The default orientation for this element has the S1 (shell surface coordinate) axis aligned with the element's first parametric direction at its center.
The default first surface direction S1 can be reoriented in the element reference plane (as
shown in Figure 229.1: SHELL229 Geometry) using the ESYS command. You
can further rotate S1 by angle THETA
(in degrees) for each layer via
the SECDATA command to create layer-wise coordinate systems. See Coordinate Systems for details.
KEYOPT(1) determines the element degree-of-freedom (DOF) set and the corresponding force labels and reaction solution. KEYOPT(1) is set equal to the sum of the field keys shown in Table 229.1: SHELL229 Field Keys. Only KEYOPT(1) = 110 is supported and it activates a thermal-electric analysis with TEMP and VOLT as DOF labels and heat flow and electric current as reaction solutions.
Table 229.1: SHELL229 Field Keys
Field | Field Key | DOF Label | Force Label | Reaction Solution |
---|---|---|---|---|
Thermal | 10 | TEMP | HEAT | Heat Flow |
Electric Conduction | 100 | VOLT | AMPS | Electric Current |
The coupled-field analysis KEYOPT(1) settings, DOF labels, force labels, reaction solutions, and analysis types are shown in the following table.

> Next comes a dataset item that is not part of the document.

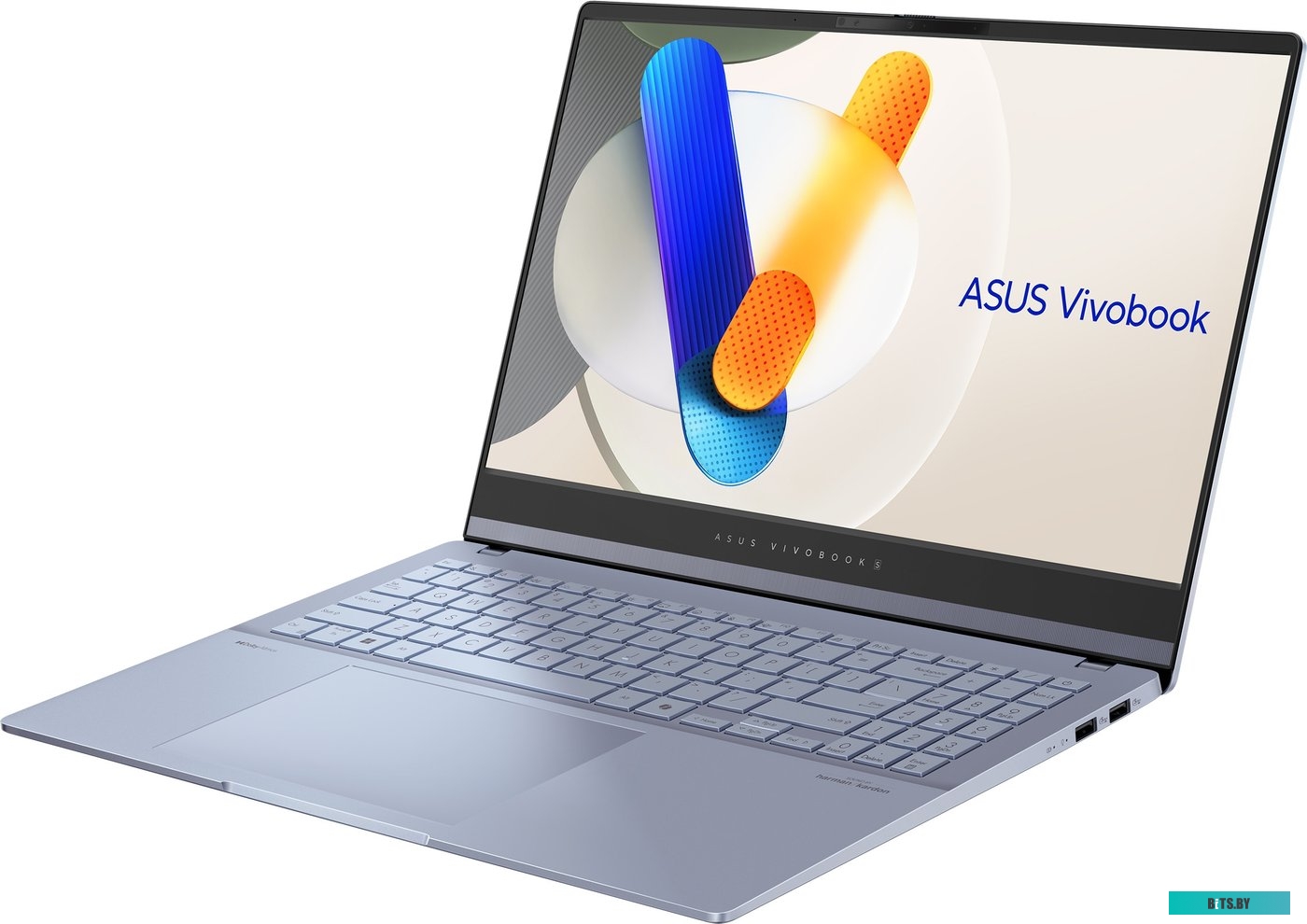 Ноутбук ASUS Vivobook S 15 OLED S5506MA-MA154 Mist Blue (90NB14E2-M00AJ0) 90NB14E2-M00AJ0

Table 229.2: SHELL229 Coupled-Field Analysis
Coupled-Field Analysis | KEYOPT(1) | DOF Label | Force Label | Reaction Solution | Analysis Type |
---|---|---|---|---|---|
Thermal-Electric | 110 | TEMP, VOLT | HEAT, AMPS | Heat Flow, Electric Current | Static, Full Transient |
As shown in the following table, material property requirements consist of those required for the individual fields (thermal and electric conduction) and those required for field coupling.
Table 229.3: SHELL229 Material Properties and Material Models
Coupled-Field Analysis | KEYOPT(1) | Material Properties and Material Models | |
---|---|---|---|
Thermal-Electric | 110 | Thermal | KXX, KYY, KZZ, DENS, C, ENTH, HF |
Electric | RSVX, RSVY, RSVZ | ||
Coupling | –- |
The density, thermal conductivity, specific heat, and electrical resistivity can all be defined either with the MP command or the TB command.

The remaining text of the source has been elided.